DATASET EXTRACT:
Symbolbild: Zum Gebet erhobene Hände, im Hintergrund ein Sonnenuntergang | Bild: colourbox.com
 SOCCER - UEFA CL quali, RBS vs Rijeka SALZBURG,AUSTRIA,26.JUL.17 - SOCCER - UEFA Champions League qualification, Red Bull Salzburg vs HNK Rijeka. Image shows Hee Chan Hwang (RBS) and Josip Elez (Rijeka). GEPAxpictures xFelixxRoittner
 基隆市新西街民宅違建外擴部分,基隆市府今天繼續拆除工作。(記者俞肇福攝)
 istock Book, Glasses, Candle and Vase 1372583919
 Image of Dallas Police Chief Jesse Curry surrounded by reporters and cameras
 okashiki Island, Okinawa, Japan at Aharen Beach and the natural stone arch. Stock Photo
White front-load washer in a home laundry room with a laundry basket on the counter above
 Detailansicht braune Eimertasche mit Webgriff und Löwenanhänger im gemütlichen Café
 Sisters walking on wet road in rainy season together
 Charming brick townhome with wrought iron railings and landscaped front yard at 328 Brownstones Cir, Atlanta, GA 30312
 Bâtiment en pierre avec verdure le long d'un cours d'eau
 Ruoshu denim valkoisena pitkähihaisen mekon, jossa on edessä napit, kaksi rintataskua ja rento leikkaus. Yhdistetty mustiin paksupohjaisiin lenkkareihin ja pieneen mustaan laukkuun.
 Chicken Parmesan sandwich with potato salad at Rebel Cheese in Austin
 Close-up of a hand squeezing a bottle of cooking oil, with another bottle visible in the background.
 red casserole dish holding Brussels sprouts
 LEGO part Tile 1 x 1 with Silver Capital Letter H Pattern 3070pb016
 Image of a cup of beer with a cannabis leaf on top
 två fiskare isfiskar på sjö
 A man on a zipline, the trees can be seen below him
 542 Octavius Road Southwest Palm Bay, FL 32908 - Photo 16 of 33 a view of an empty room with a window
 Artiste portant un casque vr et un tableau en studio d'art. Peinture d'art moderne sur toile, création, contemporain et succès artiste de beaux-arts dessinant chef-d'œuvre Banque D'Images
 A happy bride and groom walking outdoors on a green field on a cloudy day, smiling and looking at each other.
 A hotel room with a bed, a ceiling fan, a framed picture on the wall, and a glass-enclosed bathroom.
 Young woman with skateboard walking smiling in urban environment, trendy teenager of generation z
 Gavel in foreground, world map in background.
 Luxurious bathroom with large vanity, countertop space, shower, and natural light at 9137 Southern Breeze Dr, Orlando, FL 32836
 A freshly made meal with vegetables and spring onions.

REQUIREMENT: Your output must be an exact copy of every entry.

WRITTEN RESPONSE:
Symbolbild: Zum Gebet erhobene Hände, im Hintergrund ein Sonnenuntergang | Bild: colourbox.com
 SOCCER - UEFA CL quali, RBS vs Rijeka SALZBURG,AUSTRIA,26.JUL.17 - SOCCER - UEFA Champions League qualification, Red Bull Salzburg vs HNK Rijeka. Image shows Hee Chan Hwang (RBS) and Josip Elez (Rijeka). GEPAxpictures xFelixxRoittner
 基隆市新西街民宅違建外擴部分,基隆市府今天繼續拆除工作。(記者俞肇福攝)
 istock Book, Glasses, Candle and Vase 1372583919
 Image of Dallas Police Chief Jesse Curry surrounded by reporters and cameras
 okashiki Island, Okinawa, Japan at Aharen Beach and the natural stone arch. Stock Photo
White front-load washer in a home laundry room with a laundry basket on the counter above
 Detailansicht braune Eimertasche mit Webgriff und Löwenanhänger im gemütlichen Café
 Sisters walking on wet road in rainy season together
 Charming brick townhome with wrought iron railings and landscaped front yard at 328 Brownstones Cir, Atlanta, GA 30312
 Bâtiment en pierre avec verdure le long d'un cours d'eau
 Ruoshu denim valkoisena pitkähihaisen mekon, jossa on edessä napit, kaksi rintataskua ja rento leikkaus. Yhdistetty mustiin paksupohjaisiin lenkkareihin ja pieneen mustaan laukkuun.
 Chicken Parmesan sandwich with potato salad at Rebel Cheese in Austin
 Close-up of a hand squeezing a bottle of cooking oil, with another bottle visible in the background.
 red casserole dish holding Brussels sprouts
 LEGO part Tile 1 x 1 with Silver Capital Letter H Pattern 3070pb016
 Image of a cup of beer with a cannabis leaf on top
 två fiskare isfiskar på sjö
 A man on a zipline, the trees can be seen below him
 542 Octavius Road Southwest Palm Bay, FL 32908 - Photo 16 of 33 a view of an empty room with a window
 Artiste portant un casque vr et un tableau en studio d'art. Peinture d'art moderne sur toile, création, contemporain et succès artiste de beaux-arts dessinant chef-d'œuvre Banque D'Images
 A happy bride and groom walking outdoors on a green field on a cloudy day, smiling and looking at each other.
 A hotel room with a bed, a ceiling fan, a framed picture on the wall, and a glass-enclosed bathroom.
 Young woman with skateboard walking smiling in urban environment, trendy teenager of generation z
 Gavel in foreground, world map in background.
 Luxurious bathroom with large vanity, countertop space, shower, and natural light at 9137 Southern Breeze Dr, Orlando, FL 32836
 A freshly made meal with vegetables and spring onions.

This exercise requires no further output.